In this episode our ‘Building the Future’ series, David Levinson, Chairman and CEO of L&L Holding Company, discusses working with Norman Foster on 425 Park Avenue, New York. Focusing on modern interventions into historical buildings, the renovated Berlin Reichstag first drew Levinson’s attention to Norman Foster. While watching the construction of Hearst Tower, Levinson promised himself that: 'One day, I’m going to do a project with Norman Foster'.
The competition for the Park Avenue site was announced with a specially-designed book, sending a clear message about how Levinson saw the project. To his surprise, Norman Foster responded by submitting his proposal in book form, thereby opening the dialogue. Levinson was similarly impressed with Norman Foster’s ‘mesmerising’ presentation to his office; ‘the way he articulates his vision is extremely important’, Levinson observes.
The project’s key idea was to create a building that is fresh and original, but also respectful of Park Avenue’s urban landscape. Seeing the way Norman Foster approached this problem assured Levinson that he would be successful at resolving these potentially conflicting pressures. The resulting design is, for Levinson, ‘magnificent’ through fulfilling this primary objective.
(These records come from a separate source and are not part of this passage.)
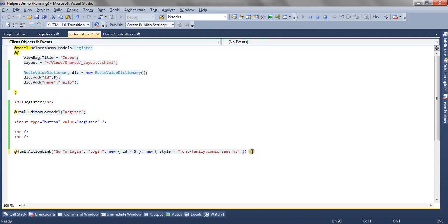So this is how you can use action link HTML helper to render anchor tag which redirects to different action methods. Thank you very much.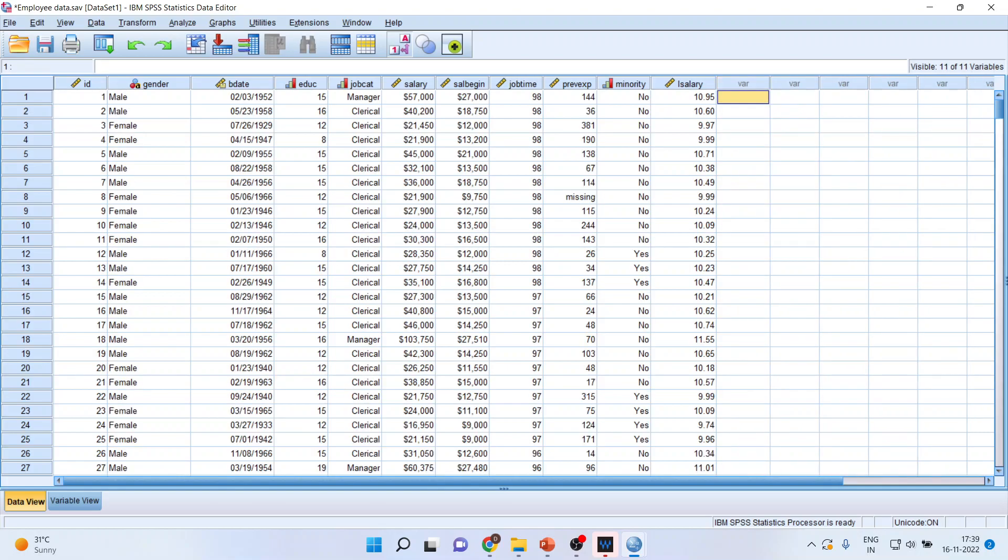Now, I only want to work on either the clerical category or the custodial category or the managerial category of the employees, or I only want to work on male data or female data. So for this, I want to filter the dataset. How can I do this?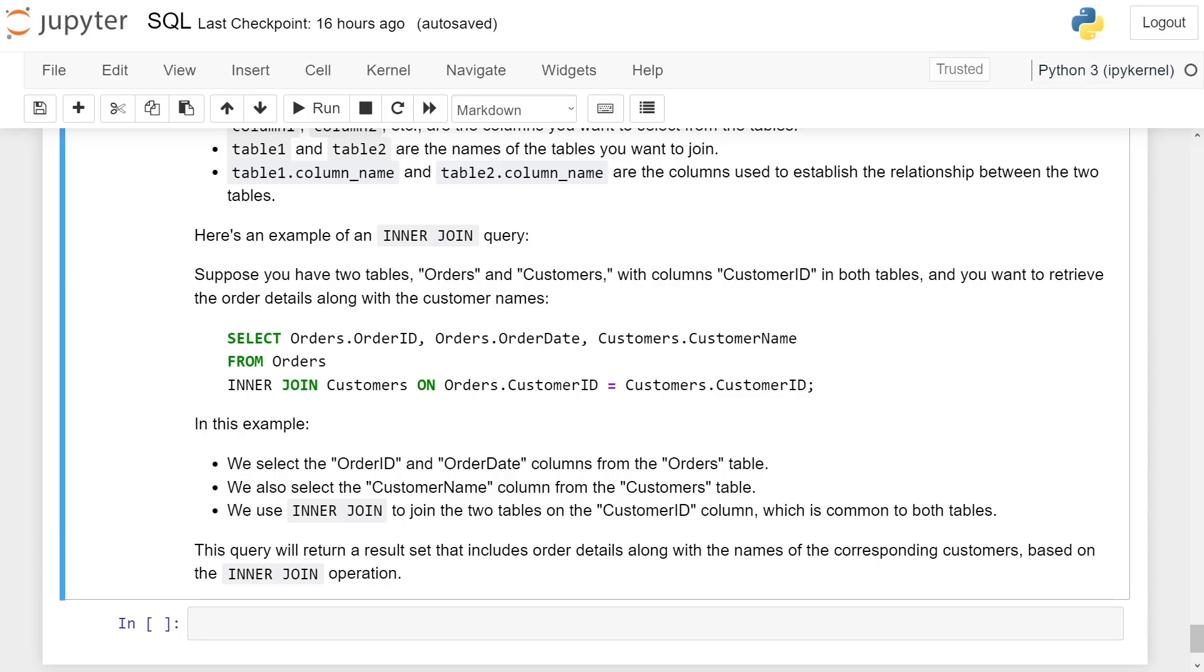We use inner join to join the two tables on the CustomerID column, which is common to both tables. This query will return a result set that includes order details along with the names of the corresponding customers, based on the inner join operation.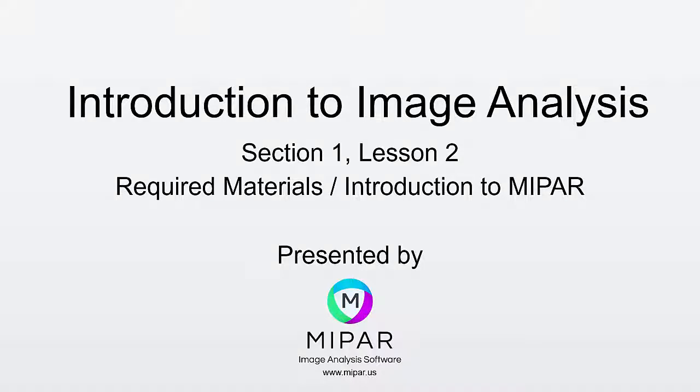Welcome back to Learning Image Analysis. My name is Lawrence Small, Application Specialist at MIPAR Image Analysis.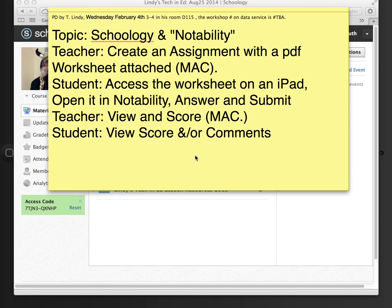Okay, I'm going to look at using Schoology with the application on the iPad Notability.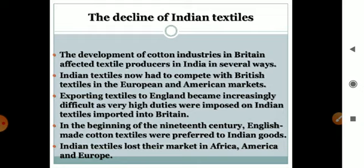Exporting textiles to England became increasingly difficult as very high duties were imposed on Indian textiles imported into Britain.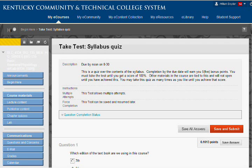So hopefully this has helped everybody. Thank you and good luck.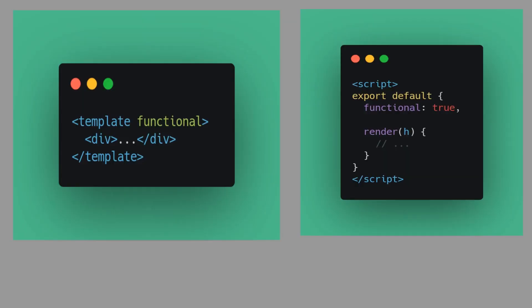Here are a couple of screenshots of what I'm describing. If you're creating a functional component, there are two ways to do it. On the left-hand side, when you're creating your template you put the keyword `functional` in, and that makes it a functional component. On the right-hand side, you can put `functional: true`, which also makes it a functional component. You can see the `render(h)` there — that is the render function. The `functional: true` approach is how you do it with single file components.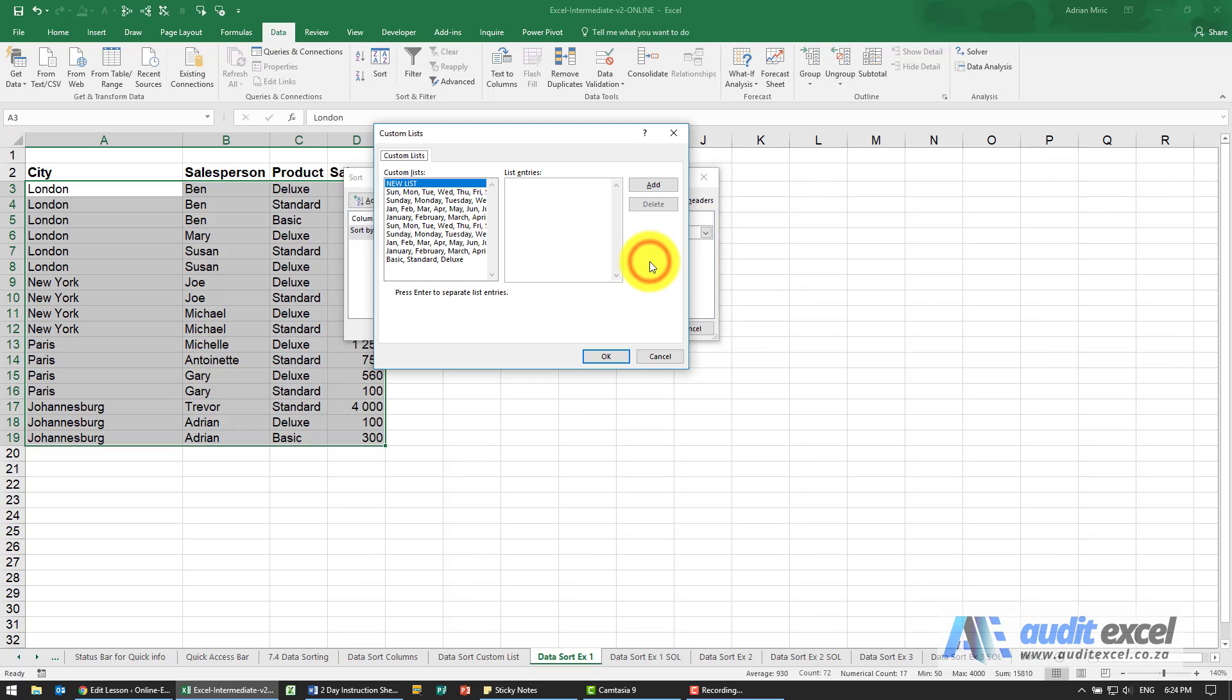So we're going to create a custom list. What you'll see is I need to add one and this one's going to be in the order of Johannesburg first, then Paris, then London, then New York.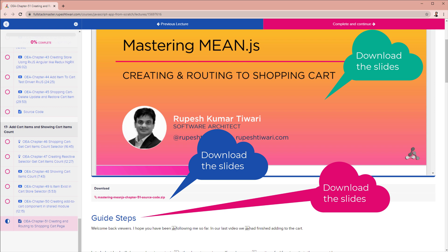In our next chapter we will show items in the cart page. So stay tuned, write your questions or suggestions in the comment box. I will see you in my next video. Till then happy coding and be happy.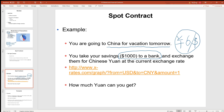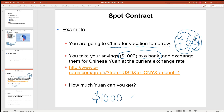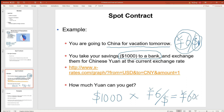then basically it means if we transact right now, we can trade every single dollar for 6 Yuan. At this exchange rate, we can convert 1,000 US dollars into 6,000 Chinese Yuan.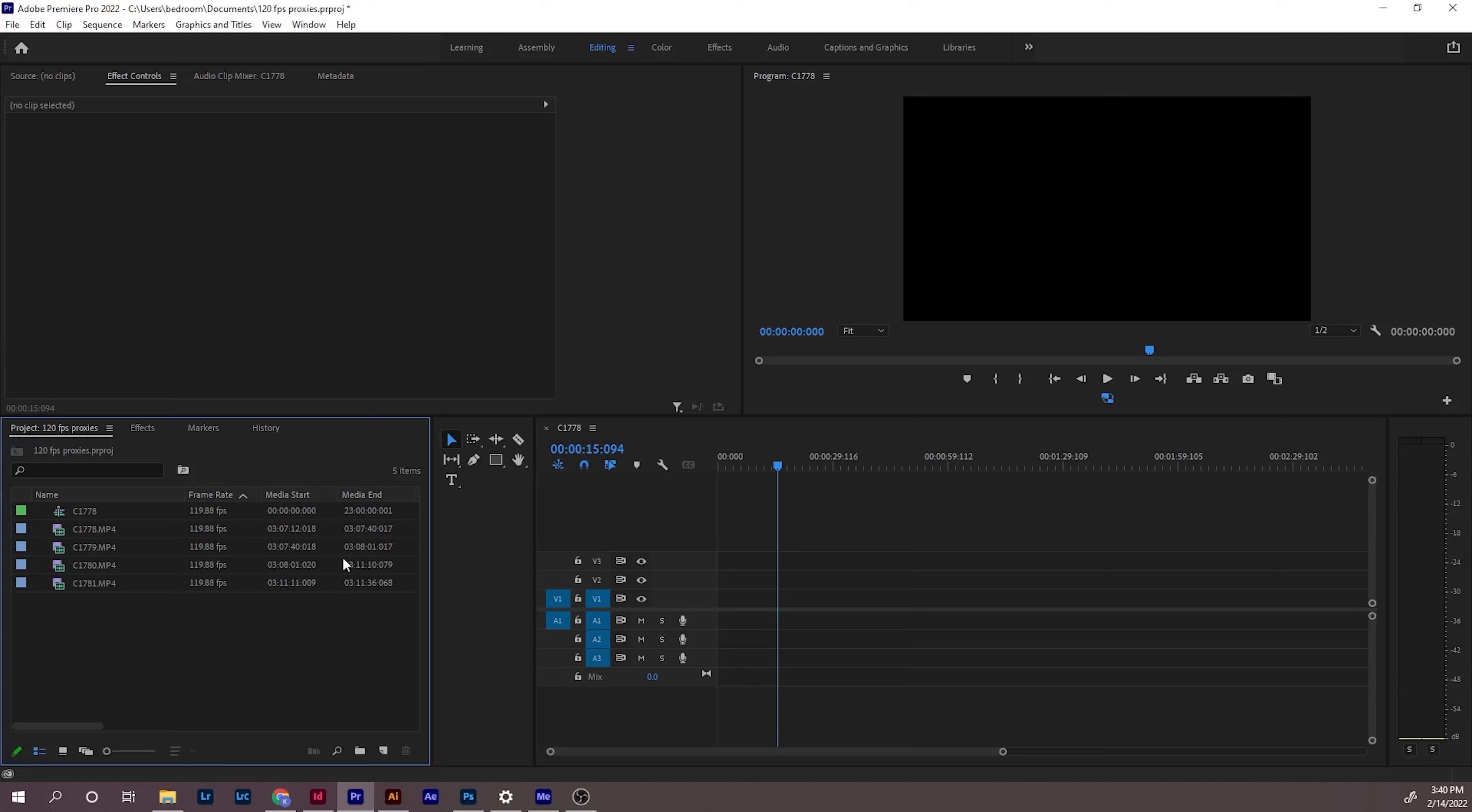Hey everybody. I want to make a quick video showing you guys how to do proxies for high frame rate footage like 120 frames.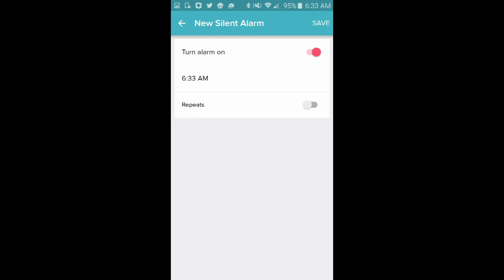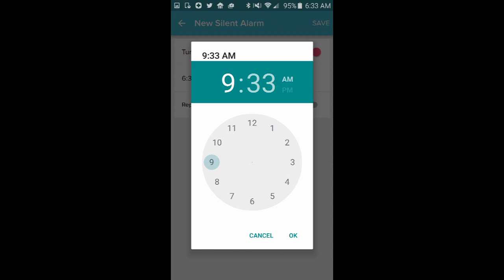And that's going to take me here, turn the alarm on, and you can see it's set for 6:33 a.m. So I'm going to click the Time.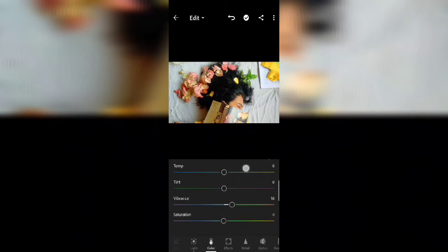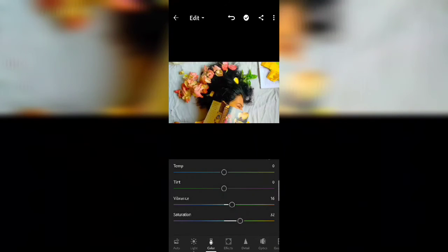Save the photo. Now I'm taking another picture to edit. In the same way, tap on 'Color' and increase the saturation, then go to 'Effects' and increase the texture by dragging the slider.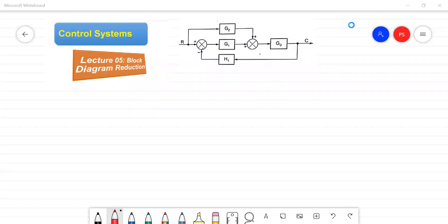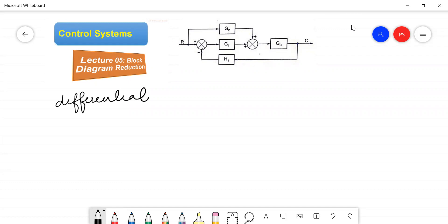Welcome to another lecture on control systems. In this lecture we will be discussing the block diagram representation of a given system and also the block diagram reduction techniques. Generally, a given system can be represented by differential equations, or we can also represent a given system through a transfer function.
The process was not straightforward. As Levinson recalls, zoning regulations had severe impacts on the building’s height. By comparison with the former structure on the site, its replacement would lose twenty-five percent of its size. In an ‘extraordinarily complex’ move, parts of the old building were retained during construction. While working with Norman Foster, Levinson noted his focused and detail-oriented approach, and his facility to problem solve by sketching.